ACTIVITY |
Without the pictures, repeat all of the data exactly as it appears below.

SUPPLIED DATA |

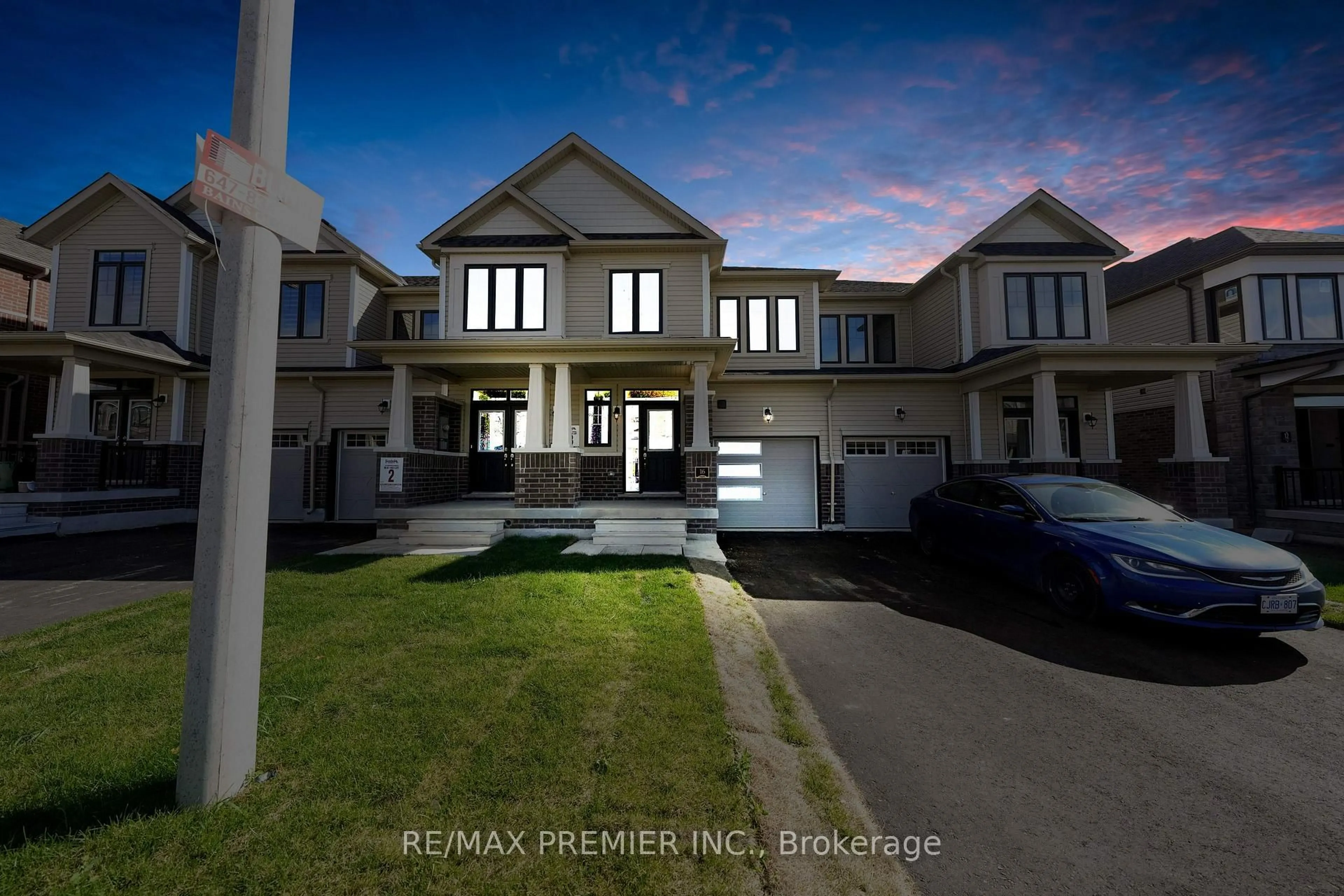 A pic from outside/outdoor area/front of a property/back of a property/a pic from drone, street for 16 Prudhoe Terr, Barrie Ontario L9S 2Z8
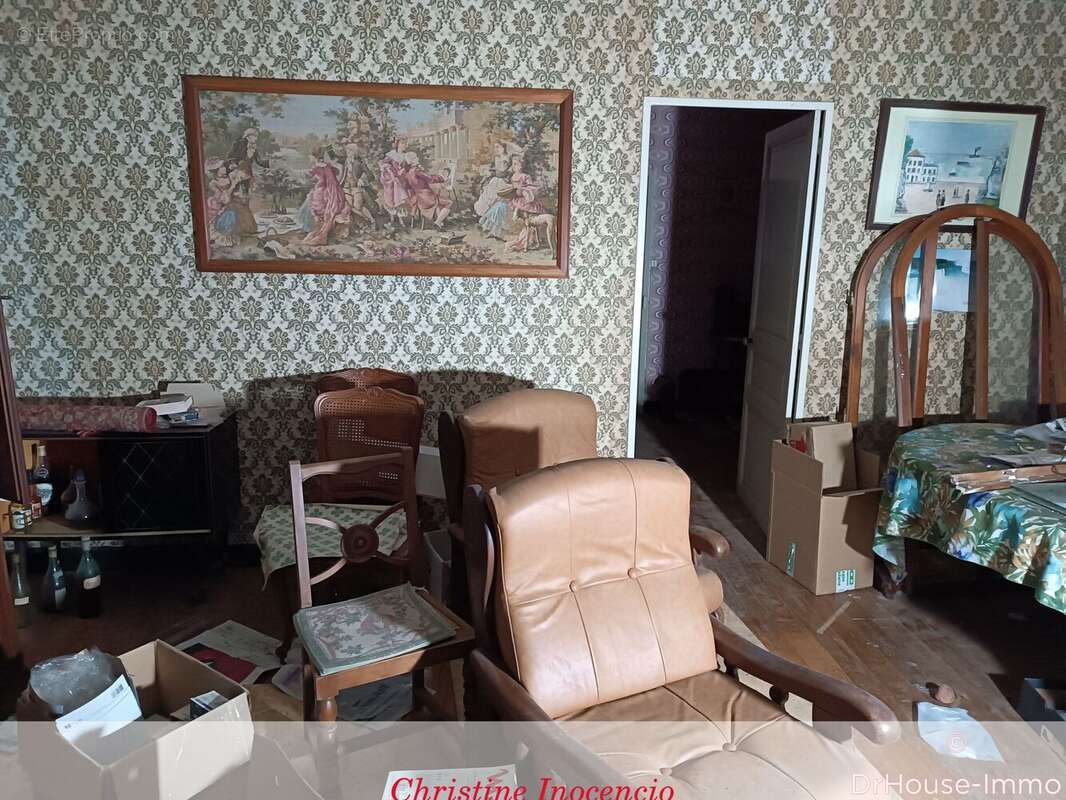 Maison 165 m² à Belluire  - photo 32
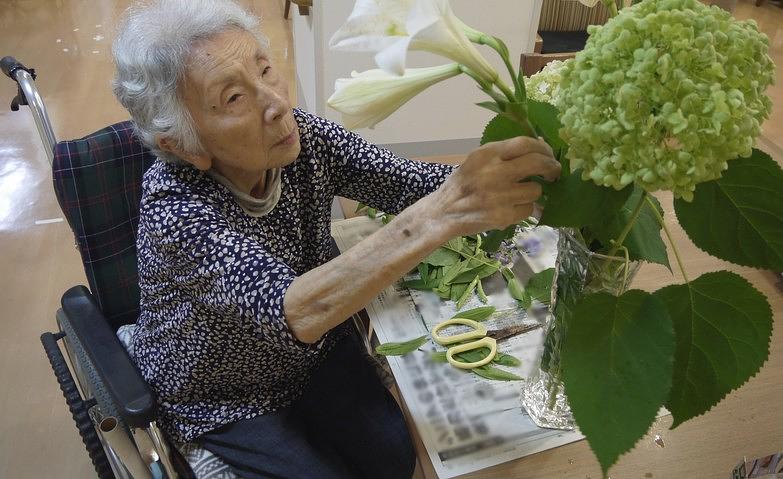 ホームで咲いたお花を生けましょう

FINISHED EXERCISE |
 A pic from outside/outdoor area/front of a property/back of a property/a pic from drone, street for 16 Prudhoe Terr, Barrie Ontario L9S 2Z8
 Maison 165 m² à Belluire  - photo 32
 ホームで咲いたお花を生けましょう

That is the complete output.